# Metrics Calculation Script

This code evaluates a multi-label, multi-class classification model by comparing predicted and ground truth data from CSV files. It calculates key metrics such as precision, recall, F1 score, and Exact Match Ratio (EMR) for both main roles and subclasses. The results include detailed performance metrics for each role and subclass, along with average F1 scores and EMR.

**Important Notes:**
- Our test split already had role and subrole classifications. During test prompt generation, responses containing these roles and subroles were simply discarded (Check the "***DP_Prompt_Generation.ipynb***" for more details).
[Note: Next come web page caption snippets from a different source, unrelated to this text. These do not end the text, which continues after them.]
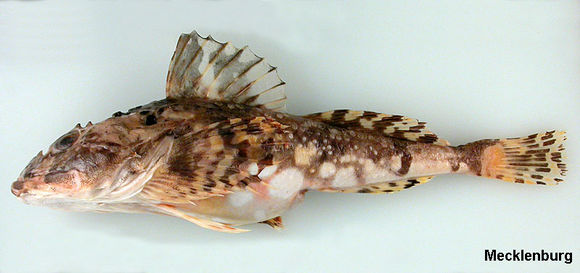 Image of stellate sculpin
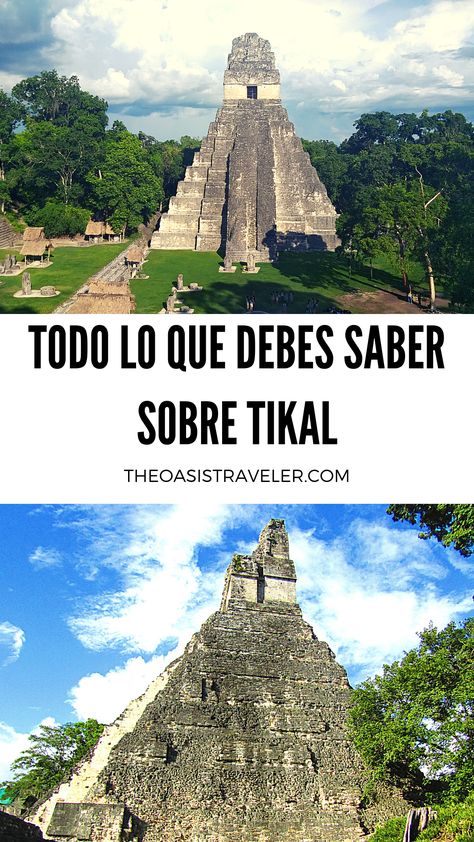 Todo lo que debes saber antes de ir a Tikal para que aproveches al máximo tu visita a estas ruinas mayas en Guatemala. Tikal Guatemala, Tikal, Guatemala, Monument Valley, Monument, Star Wars, Natural Landmarks, Travel, Nature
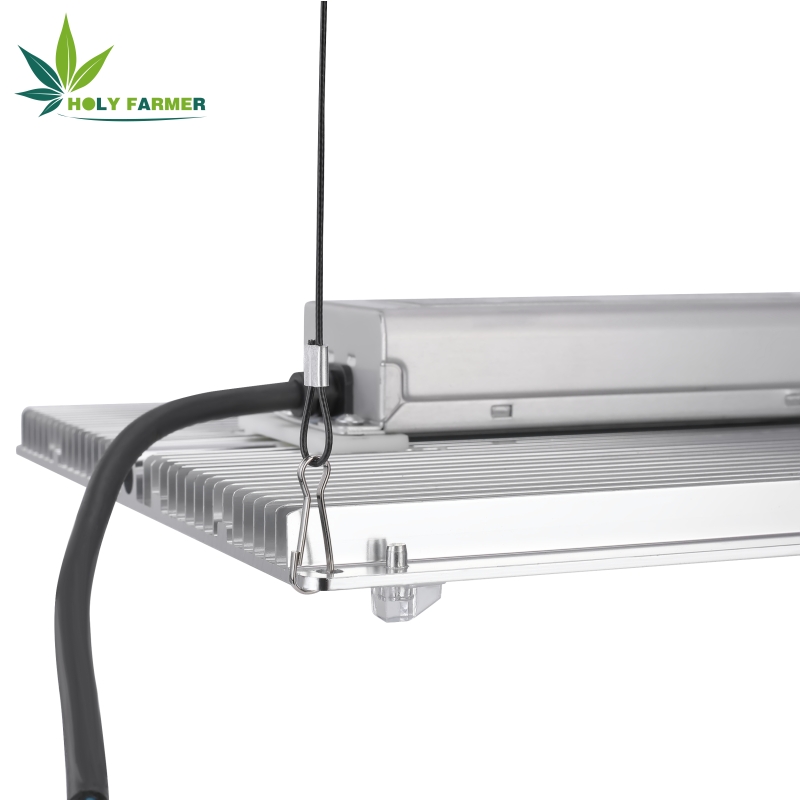 100wledgrowlight11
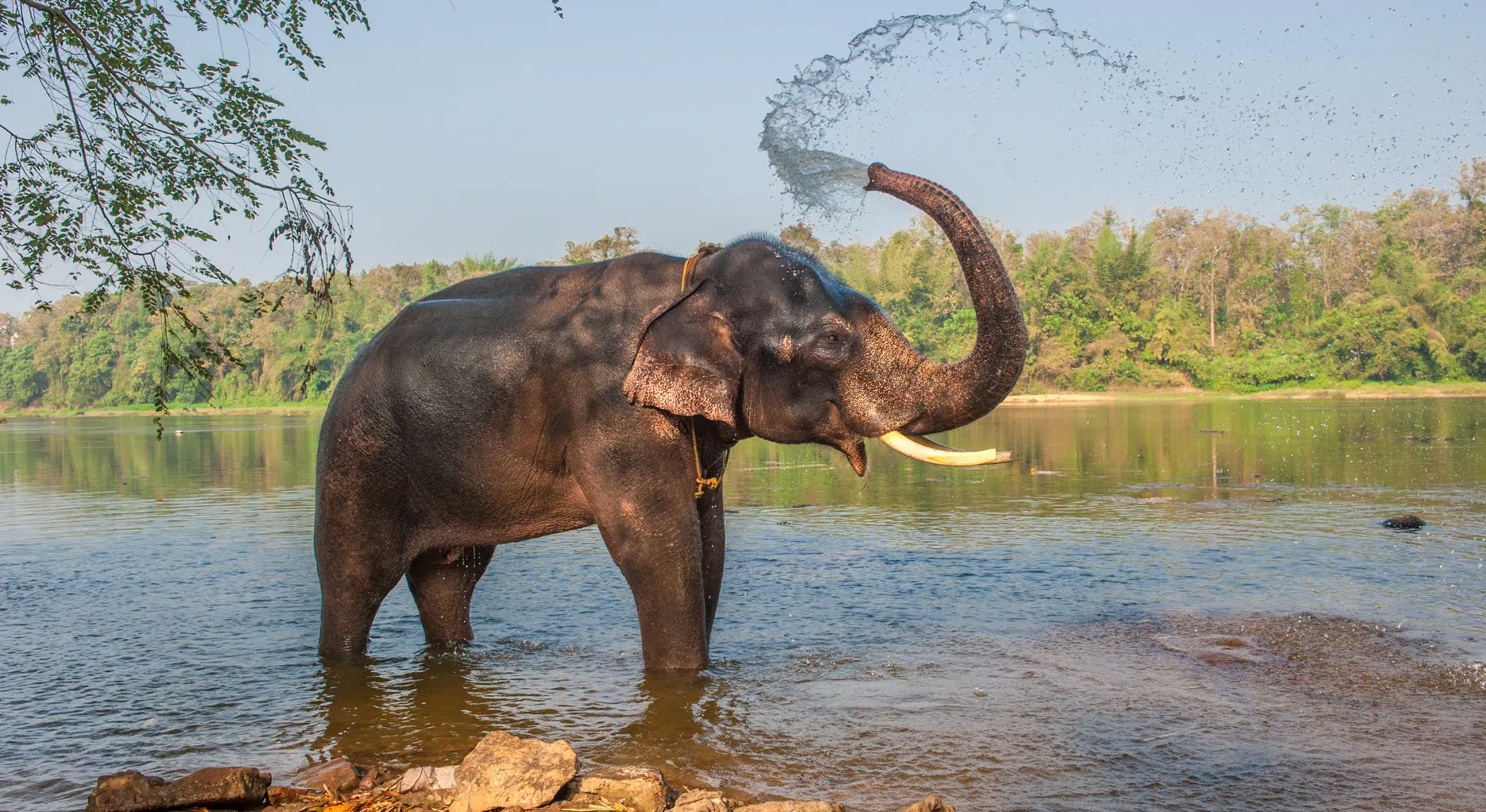 Kerlala, India
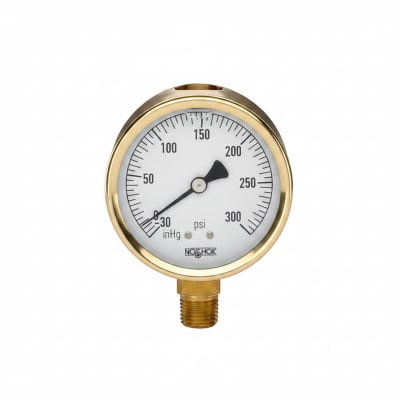 NOSHOK 25-310-300-PSI/KPA-SST-MIP-CBU-BT8-CC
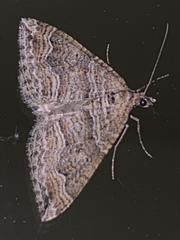 Perizoma custodiata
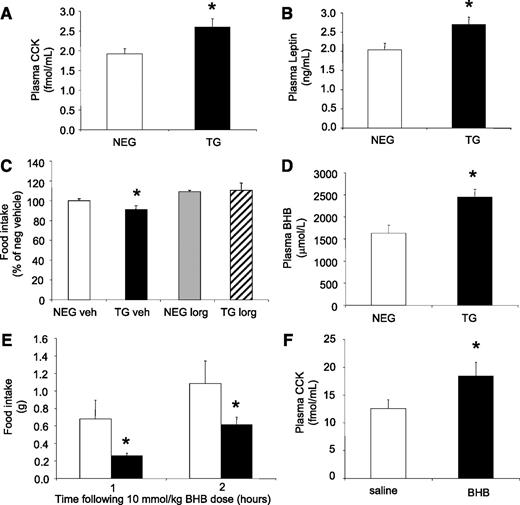FIG. 5. Increased satiety hormones in livers of FBPase transgenic (TG) mice. Circulating CCK (A) and circulating leptin (B) levels in hemizygous TG (black bars) and negative (NEG, white bars) littermate mice (n = 6). *P < 0.05 vs. NEG, one-way ANOVA. C: Food intake levels after CCK1 receptor antagonist (lorglumide [LORG], 300 μg/kg) treatment (n = 5). *P < 0.05 vs. all groups, one-way ANOVA. D: Circulating BHB concentrations in hemizygous TG (black) and NEG (white) littermate mice (n = 8). *P < 0.05 vs. NEG, one-way ANOVA. Food intake levels at 1 and 2 h (E) and circulating CCK concentration at 1 h (F) after BHB (10 mmol/kg) administration to C57Bl/6J mice (n = 16). *P < 0.05 vs. NEG, one-way ANOVA. All data expressed as mean ± SEM.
Which is why the test.csv can be used as ground truth in this case.
- The "generated_predictions.csv" file is generated in "***Inferencing.ipynb***".  

In [None]:
from collections import defaultdict
from sklearn.metrics import f1_score, precision_score, recall_score
from collections import defaultdict
import csv
import ast

# Mount drive to access files
from google.colab import drive
drive.mount('/content/drive')

# Define the base directory once
BASE_DIR = "/content/drive/MyDrive/Llama_3B_Instruct_with_Pre-constructed_Prompts"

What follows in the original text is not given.